It is, perhaps, appropriate that the visiting team for Wednesday’s junior varsity/varsity baseball games at Progressive Field be the only other school in the state who uses “Bluejays” as their nickname.
Bondurant-Farrar will be the guest of the original Bluejays, of Perry, for Raccoon River Conference hardball. The game will be the 1,113th game Perry will play under the direction of Mike Long, who first became the Bluejay skipper in 1978.
Now in his 40th season, Long is 10th on all-time career victory list among active coaches with a mark of 709-402 entering Monday’s game at Carlisle. He directed Perry to second place in the 1987, 1991 and 1998 state tournaments, and took the 1999, 2002 and 2004 teams to the state tourney as well.
Kevin Ruggle mentioned that his nephew, Joe, had recently taken his own son, Gus, to a Perry game and had introduced him to his old ball coach. That got Ruggle thinking of all the players Long had impacted over his tenure and of the unique bond formed between father and son by baseball.

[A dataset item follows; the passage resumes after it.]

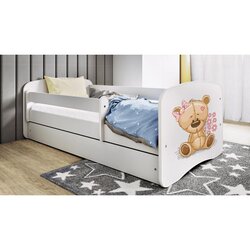  Drveni dječji krevet MEDO S CVIJEĆEM s ladicom - 180x80 cm bijeli Cijene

A facebook page — Bluejay Baseball Alumni Night — was started, and soon over 130 former players had been contacted. Many — Kurt Whiton and Rob Nevitt immediately came to his mind — played for Long and then had their own sons play for their former skipper.
It was decided that, rather than having some official ceremony or function, alumni from as many classes as possible would gather June 28, sit together, and root on the Bluejays as a show of support for their old school and as a way to salute their former coach.
Now comprised of doctors, lawyers, engineers, bankers, teachers, laborers, law enforcement members and, yes coaches — among a myriad of professions — many former players representing four decades of graduating classes under Long will be gathering from Kansas, Minnesota and other states to attend Wednesday’s game.
A unique situation will thus be created, one in which current players as young as 14 and old veterans now in their late 50’s will refer to the same man — Mike Long — as “coach.”
Kevin Ruggle encouraged alumni to spread the word and come out to the game. He said Long had “Pushed us to be better at a time in our lives when maybe we needed a little pushing, and we are all better for it.”